С момента передачи в мае 2017 года нами объявлены подозрения 46 руководителям — начиная от Клименко и вниз, к областным. 23 из них находятся в Киеве. Трое под стражей до сегодняшнего дня, они не внесли залог. Кодексы предусматривают возможность внесения залога при экономических преступлениях. Размер залога для этих 23 человек составлял от 10 до 150 миллионов гривен, насколько я помню. Подсчитаны убытки. Мы установили имущество этих людей, арестовали его и, согласно закону, передали в Национальное агентство по управлению активами. Чтобы никто не говорил, что ничего не сделали.

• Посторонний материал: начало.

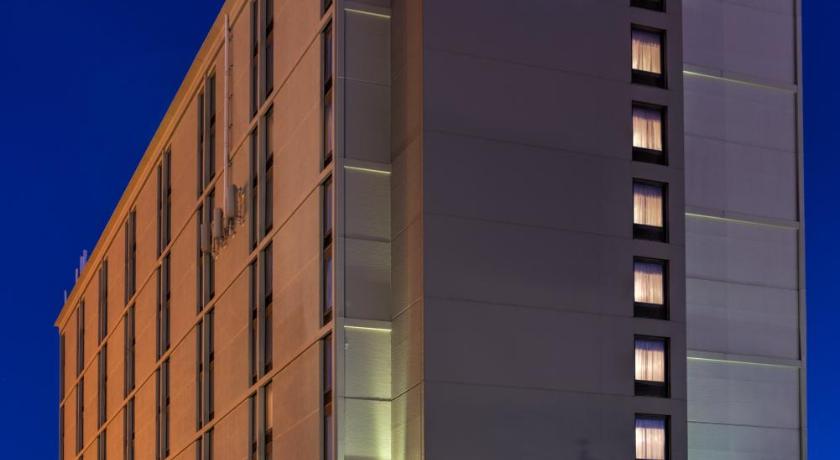 Crowne Plaza Hotel-Newark Airport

Они все подозреваются в участии в преступной группировке Януковича — Клименко, в связи с этим наложены процессуальные ограничения, обременения и санкции. Арестованы и переданы 154 объекта высоколиквидного недвижимого имущества в центре Киева и в других городах Украины. 20 транспортных средств. Тысяча железнодорожных вагонов, которые до мая 2017 года приносили прибыль холдингу «Юнисон Групп», принадлежащему отцу подозреваемого экс-министра Клименко. Корпоративные права юридических лиц.

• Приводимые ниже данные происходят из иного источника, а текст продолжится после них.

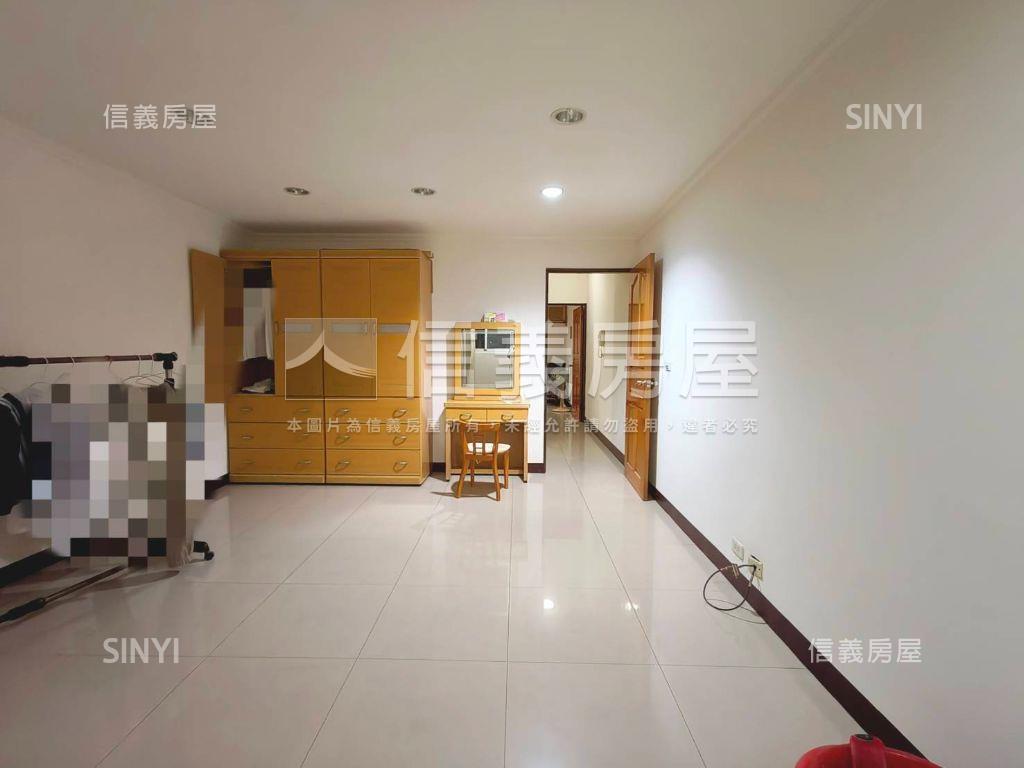 瑞隆正街騎樓式透店房屋室內格局與周邊環境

Пять миллионов живых долларов. И почти пять тысяч метров офисных помещений в торговом центре «Гулливер». Только тысяча железнодорожных вагонов, которые пять месяцев назад были переданы Нацагентству по управлению активами и конфискованным имуществом, принесли госбюджету, не благодаря коммерческому использованию, а благодаря использованию в государственных программах, при перевозках грузов «Укрзалізницею», 108 миллионов гривен. Мне официально подтвердили эту цифру. Эти 108 миллионов в крайние пять месяцев не пошли на финансирование медиахолдинга «Вести», других проектов для украинцев с иными политическими предпочтениями. Они уже не работают. А если вы работаете, то платите в госбюджет, а не набивайте карманы своих беглых руководителей. Все сделано по закону.

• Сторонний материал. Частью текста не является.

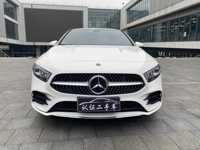 Mercedes-Benz A200L 1.3T berline compacte d'occasion 2020, Turbo 7DCT FWD automatique, toit ouvrant panoramique, édition sport fashion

Я спокойно отношусь к любой критике, к сентенциям о том, что нет неотвратимости наказания. Сейчас не 1937 год, когда за три дня принималось решение «тройки»: виновен, расстрелять. Делаем по закону. Будут ли обжаловать в Европейском суде? Будут. Мы и там выстоим, я в этом глубоко убежден. Пользуясь случаем, хочу поблагодарить своих подчиненных, всех прокуроров, их немного — 35 человек, за феноменально качественную, профессиональную и объективную работу. Мы выстояли и выстоим. Потому что Украина с нами, и правда за нами, и Бог нас любит.
— Эту фразу стоило на финал оставить, но у нас еще есть время!
— Нас всегда критикуют, но мало хвалят. Просто воспользовался случаем.
— Вопросов еще много, и все ждут интересных ответов…
— Я не могу быть большим, чем являюсь. Как могу…
— Процитирую Анатолия Гриценко. Он сказал…
— Это кто?
— Ваш тезка.
— Это я понял, раз Анатолий. А кого вы имеете в виду?
— Экс-министра обороны.
— Ну, так и говорите. Анатолиев Гриценко много. Петренко, Сидоренко.
— Известный Анатолий Гриценко — только один.
— Я не слежу за политиками третьего звена и 10-летней давности.
— Он из первого звена, я думаю.
— Это ваше мнение.
«Говорят, что какое-то спецподразделение военной прокуратуры задерживало Шепелева? Вершина цинизма. Этих циников мы обязательно достанем и допросим»
— По цитате вы поймете, о ком идет речь. «Скоро два года, как Матиос крепко тормозит передачу в суд моих показаний против Порошенко&Кo. Так, глядишь, и до генерала армии дослужится». О каких показаниях он говорит? Почему вы два года не передаете их в суд?
— Я говорил, что не комментирую слова политиков дальнего эшелона. Я не слежу за его выступлениями, не являюсь биографом экс-министра. Не знаю, что господин Гриценко имеет в виду. Он допрошен. Его показания действительно есть в материалах дела о ведении агрессивной войны. В том числе относительно развала боеспособности украинской армии в каденцию всех министров обороны. На политические выводы и политологические сентенции, изложенные в ходе допроса, он имел право как свидетель. Но есть там и ответы на другие, очень прямые вопросы. О военных городках, о ликвидации некоторых воинских подразделений, о так называемой реформе Вооруженных сил, которая привела к безосновательному снятию с дежурства «Буков», поехавших в Грузию вопреки всем порядкам.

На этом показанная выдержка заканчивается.